━━ Records supplied ━━
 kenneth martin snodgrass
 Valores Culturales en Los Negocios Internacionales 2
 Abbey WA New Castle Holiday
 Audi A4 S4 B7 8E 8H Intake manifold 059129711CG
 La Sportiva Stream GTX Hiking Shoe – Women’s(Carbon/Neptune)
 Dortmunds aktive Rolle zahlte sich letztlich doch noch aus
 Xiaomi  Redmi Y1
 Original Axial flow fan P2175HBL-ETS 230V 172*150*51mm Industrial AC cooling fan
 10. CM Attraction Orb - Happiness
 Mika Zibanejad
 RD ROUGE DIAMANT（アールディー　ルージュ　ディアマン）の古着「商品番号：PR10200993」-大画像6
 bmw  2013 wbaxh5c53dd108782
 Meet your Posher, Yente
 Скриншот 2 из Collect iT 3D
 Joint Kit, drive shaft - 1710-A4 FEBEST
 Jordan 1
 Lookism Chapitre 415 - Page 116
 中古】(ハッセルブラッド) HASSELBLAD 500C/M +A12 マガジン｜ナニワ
━━━
Goal of the exercise:
In full and word for word, output the material.

Solution to this task:
 kenneth martin snodgrass
 Valores Culturales en Los Negocios Internacionales 2
 Abbey WA New Castle Holiday
 Audi A4 S4 B7 8E 8H Intake manifold 059129711CG
 La Sportiva Stream GTX Hiking Shoe – Women’s(Carbon/Neptune)
 Dortmunds aktive Rolle zahlte sich letztlich doch noch aus
 Xiaomi  Redmi Y1
 Original Axial flow fan P2175HBL-ETS 230V 172*150*51mm Industrial AC cooling fan
 10. CM Attraction Orb - Happiness
 Mika Zibanejad
 RD ROUGE DIAMANT（アールディー　ルージュ　ディアマン）の古着「商品番号：PR10200993」-大画像6
 bmw  2013 wbaxh5c53dd108782
 Meet your Posher, Yente
 Скриншот 2 из Collect iT 3D
 Joint Kit, drive shaft - 1710-A4 FEBEST
 Jordan 1
 Lookism Chapitre 415 - Page 116
 中古】(ハッセルブラッド) HASSELBLAD 500C/M +A12 マガジン｜ナニワ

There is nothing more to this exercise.